Furthermore, I found that the least common path to becoming a military elite is through private university. Of those who graduated from a private school, most were small liberal arts colleges rather than Ivy League schools. In fact, only one graduated from a well-known school: Duke.
What these early results show is that while elites exist, their ranks are not closed to the rest of society. This is the question that is most important in terms of what is good for a free society. We are not aristocratic in that you have to be of noble birth to attend university or become a General or Admiral. People like my parent's and ex-wife can rise above their class to achieve whatever their drive and talents allow.
Here you distill your position clearly, your belief is that: What makes a society free and good is that it's upper positions are not exclusive to the progeny of the upper positions.
While this is quite a side-track still from the main point of my thread I enjoy the twists and turns the rabbit hole leads me on and I'll continue the discussion.
What makes a society "free" is difficult to define, freedom of movement, freedom of speech, access to information, education, freedom of enterprise, freedom to accumulate power and personal wealth at a level of 100,000x the avg person?
what is "good" for society is also difficult because it is subjective. A theologist might say that it is the society which allows all people to reach the religious ideal and achieve nirvana or ascend to heaven on dying.

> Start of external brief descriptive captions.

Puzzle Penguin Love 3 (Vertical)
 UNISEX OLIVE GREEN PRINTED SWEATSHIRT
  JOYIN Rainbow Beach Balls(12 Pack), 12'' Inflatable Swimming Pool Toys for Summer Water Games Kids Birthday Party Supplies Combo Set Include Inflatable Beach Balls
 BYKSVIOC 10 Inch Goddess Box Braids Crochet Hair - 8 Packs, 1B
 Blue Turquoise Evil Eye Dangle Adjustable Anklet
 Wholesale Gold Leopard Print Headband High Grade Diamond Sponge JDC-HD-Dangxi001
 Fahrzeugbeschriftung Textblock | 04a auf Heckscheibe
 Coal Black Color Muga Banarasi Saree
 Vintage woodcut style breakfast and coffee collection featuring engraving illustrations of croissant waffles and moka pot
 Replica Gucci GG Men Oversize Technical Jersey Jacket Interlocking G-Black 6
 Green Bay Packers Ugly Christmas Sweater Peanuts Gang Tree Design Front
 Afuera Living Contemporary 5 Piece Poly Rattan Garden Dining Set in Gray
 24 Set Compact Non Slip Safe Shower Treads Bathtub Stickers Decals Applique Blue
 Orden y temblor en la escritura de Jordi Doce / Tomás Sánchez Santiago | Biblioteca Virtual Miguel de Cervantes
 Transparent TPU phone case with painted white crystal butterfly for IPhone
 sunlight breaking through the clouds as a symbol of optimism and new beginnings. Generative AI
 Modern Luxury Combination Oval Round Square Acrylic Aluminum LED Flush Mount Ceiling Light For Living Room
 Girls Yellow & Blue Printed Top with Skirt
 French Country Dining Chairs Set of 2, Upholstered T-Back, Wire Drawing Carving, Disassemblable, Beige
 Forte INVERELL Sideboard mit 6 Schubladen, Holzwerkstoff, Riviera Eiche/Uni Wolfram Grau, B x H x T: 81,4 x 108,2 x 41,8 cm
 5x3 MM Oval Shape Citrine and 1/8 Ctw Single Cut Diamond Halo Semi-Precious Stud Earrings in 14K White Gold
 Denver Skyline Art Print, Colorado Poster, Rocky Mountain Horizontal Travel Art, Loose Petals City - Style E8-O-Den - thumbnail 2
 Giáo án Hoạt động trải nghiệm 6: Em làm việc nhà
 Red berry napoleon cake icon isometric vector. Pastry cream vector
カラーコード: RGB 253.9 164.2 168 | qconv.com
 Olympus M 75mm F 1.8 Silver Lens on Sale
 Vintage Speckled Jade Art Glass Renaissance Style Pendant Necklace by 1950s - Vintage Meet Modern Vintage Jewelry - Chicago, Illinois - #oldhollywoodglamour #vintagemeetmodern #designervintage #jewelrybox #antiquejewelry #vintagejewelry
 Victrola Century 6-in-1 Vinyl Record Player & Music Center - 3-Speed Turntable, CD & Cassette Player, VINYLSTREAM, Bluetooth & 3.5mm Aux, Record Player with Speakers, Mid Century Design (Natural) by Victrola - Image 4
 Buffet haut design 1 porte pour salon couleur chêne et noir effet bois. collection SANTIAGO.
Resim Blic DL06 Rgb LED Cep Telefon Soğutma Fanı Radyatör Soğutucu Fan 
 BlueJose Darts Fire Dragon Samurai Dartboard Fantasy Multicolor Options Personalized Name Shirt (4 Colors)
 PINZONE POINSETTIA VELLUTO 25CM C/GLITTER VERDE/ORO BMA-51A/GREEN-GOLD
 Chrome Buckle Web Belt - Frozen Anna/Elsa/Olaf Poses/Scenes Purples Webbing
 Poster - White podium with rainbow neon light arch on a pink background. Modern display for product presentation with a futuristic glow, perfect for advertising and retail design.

I believe what is good for a free society (and that being free is good for society) is that our resources be spread more generally, and that the most valueble resource, human beings be most highly invested in. You talk about how people complaining about the cost of books was just an exuse, though I imagine if the books were paid for more of the enlisted would wind up achieving more, and if that were the result would it all be exuses, or another tiny component among a multitude that maintain the economic imbalances beyond the efforts and talents of individuals?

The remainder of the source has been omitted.